Wie gesagt, wer will, kann sich Obamas Rede selbst anschauen oder durchlesen; ich fand nichts darin, was für eine durchschnittlich vernünftige Person nicht zustimmungsfähig wäre. Und in der Tat erhielt der Präsident selbst bei prinzipiell parteilich-kontroversen Themen wie Einwanderungsreform oder verschärften Waffengesetzen viel Beifall von beiden Seiten des Kongresses. Doch der Grund, warum ich fürchte, dass eine Analyse sich gar nicht erst lohnt, liegt nicht in dem, was Obama gesagt hat – sondern vielmehr in der Beobachtung der vergangenen vier Jahre, in denen bisher die meisten Appelle an die Vernunft an starren und unverrückbaren parteipolitischen Hürden gescheitert sind. Sehr oft stellt Obama in seiner Rede am Dienstagabend die – nur scheinbar rhetorische – Frage, wie man beispielsweise gegen so etwas wie einen besseren Schutz von Frauen vor Gewalt sein könne. Eine Frage, die Marco Rubio in seiner Replik übrigens nicht beantwortet – obwohl er eine Antwort haben müsste, da er als einer von 22 Senatoren tatsächlich gegen die Fortschreibung dieses Gesetzes gestimmt hatte …

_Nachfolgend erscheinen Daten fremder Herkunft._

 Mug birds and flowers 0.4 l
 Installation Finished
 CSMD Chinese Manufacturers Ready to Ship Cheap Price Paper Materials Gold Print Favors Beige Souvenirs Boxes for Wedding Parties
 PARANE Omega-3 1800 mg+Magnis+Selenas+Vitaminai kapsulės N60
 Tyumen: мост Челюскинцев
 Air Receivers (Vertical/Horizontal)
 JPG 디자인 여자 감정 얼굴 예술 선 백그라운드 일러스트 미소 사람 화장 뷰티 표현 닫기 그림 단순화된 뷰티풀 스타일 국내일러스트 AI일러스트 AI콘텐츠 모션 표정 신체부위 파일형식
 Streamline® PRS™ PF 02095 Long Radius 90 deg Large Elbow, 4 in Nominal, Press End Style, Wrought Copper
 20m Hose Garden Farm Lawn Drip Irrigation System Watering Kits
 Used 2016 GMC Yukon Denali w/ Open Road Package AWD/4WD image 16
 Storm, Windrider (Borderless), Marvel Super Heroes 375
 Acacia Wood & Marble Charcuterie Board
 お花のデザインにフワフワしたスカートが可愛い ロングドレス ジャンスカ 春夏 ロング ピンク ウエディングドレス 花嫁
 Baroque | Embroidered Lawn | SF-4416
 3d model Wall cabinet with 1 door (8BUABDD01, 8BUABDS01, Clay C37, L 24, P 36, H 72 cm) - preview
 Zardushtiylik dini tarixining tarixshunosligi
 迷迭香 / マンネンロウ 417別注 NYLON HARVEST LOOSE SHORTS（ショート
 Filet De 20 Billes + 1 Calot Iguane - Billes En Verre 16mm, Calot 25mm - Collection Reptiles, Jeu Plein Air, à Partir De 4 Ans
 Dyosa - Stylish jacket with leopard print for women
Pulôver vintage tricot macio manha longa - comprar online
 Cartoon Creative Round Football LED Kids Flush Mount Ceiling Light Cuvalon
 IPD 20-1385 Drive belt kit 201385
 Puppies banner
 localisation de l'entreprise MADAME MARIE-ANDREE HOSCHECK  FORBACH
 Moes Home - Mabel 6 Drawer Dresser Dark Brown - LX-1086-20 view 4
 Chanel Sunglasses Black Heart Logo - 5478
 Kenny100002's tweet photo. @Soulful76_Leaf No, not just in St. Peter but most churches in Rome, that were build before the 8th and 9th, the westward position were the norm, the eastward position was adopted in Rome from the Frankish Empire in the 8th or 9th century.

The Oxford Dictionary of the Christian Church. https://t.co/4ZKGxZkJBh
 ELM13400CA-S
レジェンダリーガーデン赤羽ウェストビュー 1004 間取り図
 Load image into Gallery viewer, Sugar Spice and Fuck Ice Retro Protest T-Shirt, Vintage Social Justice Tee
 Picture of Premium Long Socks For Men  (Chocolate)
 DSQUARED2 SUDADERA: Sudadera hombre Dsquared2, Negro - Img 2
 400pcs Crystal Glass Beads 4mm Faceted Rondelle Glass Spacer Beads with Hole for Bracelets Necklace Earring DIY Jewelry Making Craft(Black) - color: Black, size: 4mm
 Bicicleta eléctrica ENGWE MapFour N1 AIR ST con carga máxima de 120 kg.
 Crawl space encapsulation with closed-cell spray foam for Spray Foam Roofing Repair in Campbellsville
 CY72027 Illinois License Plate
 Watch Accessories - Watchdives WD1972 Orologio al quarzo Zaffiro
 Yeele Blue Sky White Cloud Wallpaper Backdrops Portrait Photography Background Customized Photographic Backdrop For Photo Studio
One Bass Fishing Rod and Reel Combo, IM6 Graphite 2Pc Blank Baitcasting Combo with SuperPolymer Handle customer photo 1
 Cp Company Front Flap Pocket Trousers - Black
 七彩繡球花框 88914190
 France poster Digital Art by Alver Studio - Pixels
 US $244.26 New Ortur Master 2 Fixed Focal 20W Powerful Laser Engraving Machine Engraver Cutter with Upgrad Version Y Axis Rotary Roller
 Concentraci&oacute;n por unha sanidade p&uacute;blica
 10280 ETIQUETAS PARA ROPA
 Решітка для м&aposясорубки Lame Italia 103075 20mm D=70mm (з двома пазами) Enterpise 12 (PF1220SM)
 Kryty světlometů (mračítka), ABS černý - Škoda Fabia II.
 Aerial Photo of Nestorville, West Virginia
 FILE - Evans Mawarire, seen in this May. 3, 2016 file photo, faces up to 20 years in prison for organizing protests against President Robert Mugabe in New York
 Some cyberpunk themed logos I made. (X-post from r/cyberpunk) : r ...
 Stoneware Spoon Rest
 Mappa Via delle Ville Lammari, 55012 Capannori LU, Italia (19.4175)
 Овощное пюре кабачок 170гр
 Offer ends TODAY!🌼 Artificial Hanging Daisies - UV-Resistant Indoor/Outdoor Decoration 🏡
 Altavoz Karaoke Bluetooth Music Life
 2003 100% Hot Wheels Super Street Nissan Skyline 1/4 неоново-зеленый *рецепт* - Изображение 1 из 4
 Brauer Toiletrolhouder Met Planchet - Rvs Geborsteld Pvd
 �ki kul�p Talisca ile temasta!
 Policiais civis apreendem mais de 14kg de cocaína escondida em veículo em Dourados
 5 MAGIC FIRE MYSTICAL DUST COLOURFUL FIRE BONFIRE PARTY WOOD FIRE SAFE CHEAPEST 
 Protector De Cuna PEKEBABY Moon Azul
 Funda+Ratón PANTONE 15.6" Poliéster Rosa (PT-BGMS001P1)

Ob es um Rechte für Behinderte geht (ein Anliegen, für das sich der ehemalige republikanische Senator und Präsidentschaftskandidat Bob Dole, selbst kriegsversehrt, eingesetzt hatte) oder gar ein von Republikanern selbst vorgeschlagener Kompromiss zur Lösung der Haushaltskrise: Wenn Demokraten dafür sind, müssen – so scheint immer noch das Handlungsprinzip beider amerikanischer Kongress-Kammern zu sein – die Republikaner dagegen sein. Und so lange sich daran nichts ändert wird sich, so fürchte ich, auch an der (bedauerlichen) politischen Realität in den USA nichts ändern.